Segment Start: Data to process

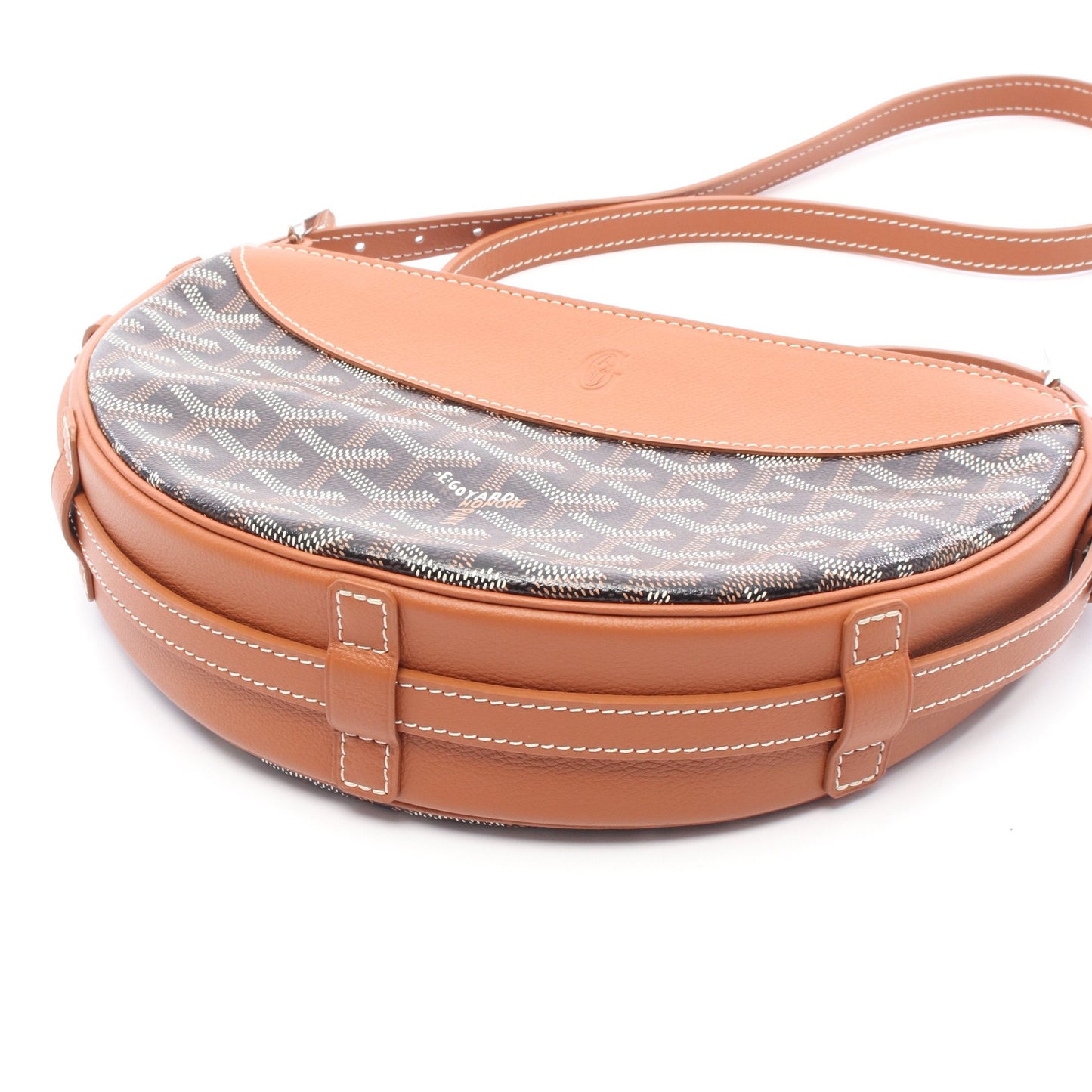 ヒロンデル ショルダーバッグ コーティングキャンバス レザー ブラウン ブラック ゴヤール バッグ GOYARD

Segment End: Data to process
Segment Start: Data to process

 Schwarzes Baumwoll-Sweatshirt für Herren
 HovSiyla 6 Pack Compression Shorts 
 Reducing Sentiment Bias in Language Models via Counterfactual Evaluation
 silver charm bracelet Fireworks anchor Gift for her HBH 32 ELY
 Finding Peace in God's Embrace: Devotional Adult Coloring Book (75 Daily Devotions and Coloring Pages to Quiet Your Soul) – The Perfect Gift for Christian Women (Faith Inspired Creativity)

Segment End: Data to process
Segment Start: Data to process

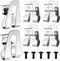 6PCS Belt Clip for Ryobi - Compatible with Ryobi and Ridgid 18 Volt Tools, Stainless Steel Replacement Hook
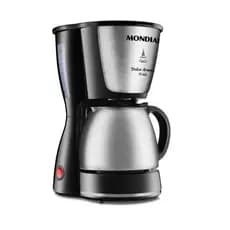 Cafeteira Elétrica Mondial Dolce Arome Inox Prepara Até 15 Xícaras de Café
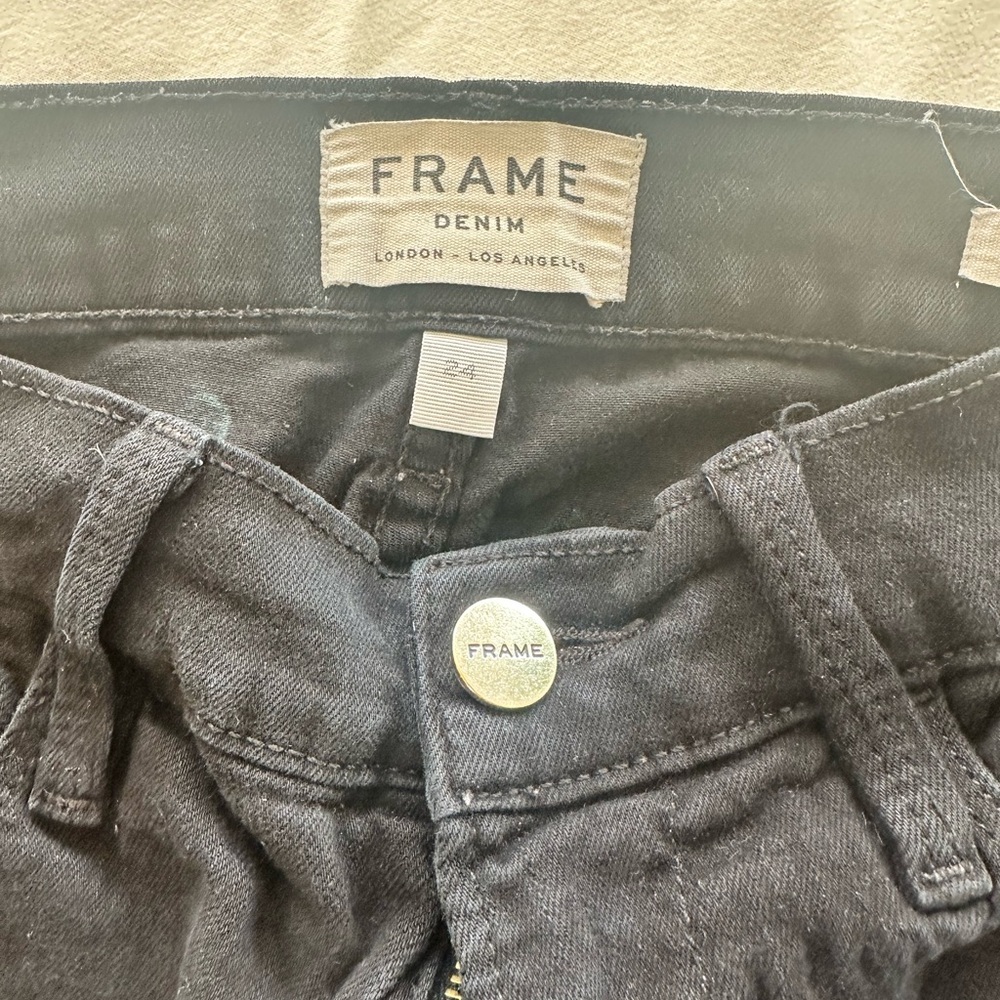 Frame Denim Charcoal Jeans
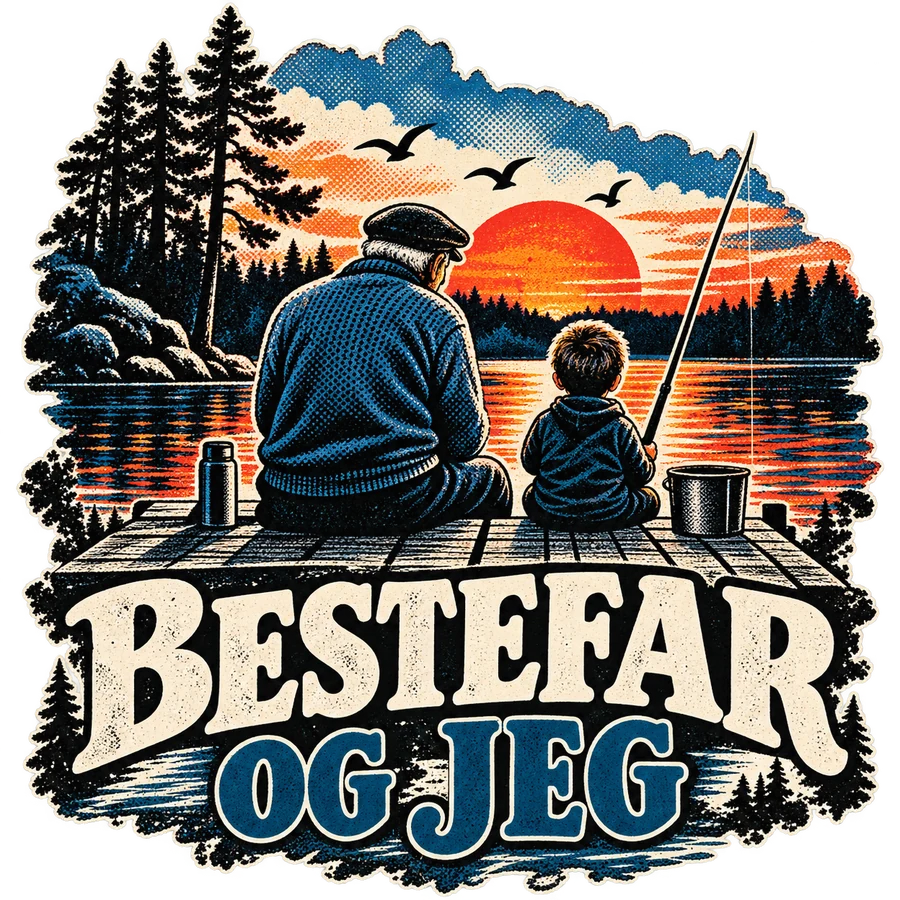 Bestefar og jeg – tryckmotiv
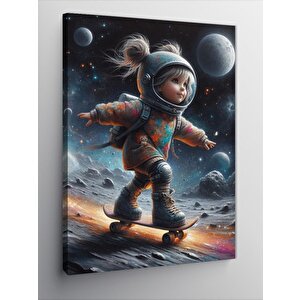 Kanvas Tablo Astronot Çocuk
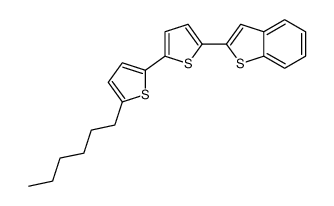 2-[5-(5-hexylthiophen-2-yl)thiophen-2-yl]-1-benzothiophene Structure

Segment End: Data to process

**The problem**
Show the lines in the entries above that include the string "Gift".

**Task solution**
 silver charm bracelet Fireworks anchor Gift for her HBH 32 ELY
 Finding Peace in God's Embrace: Devotional Adult Coloring Book (75 Daily Devotions and Coloring Pages to Quiet Your Soul) – The Perfect Gift for Christian Women (Faith Inspired Creativity)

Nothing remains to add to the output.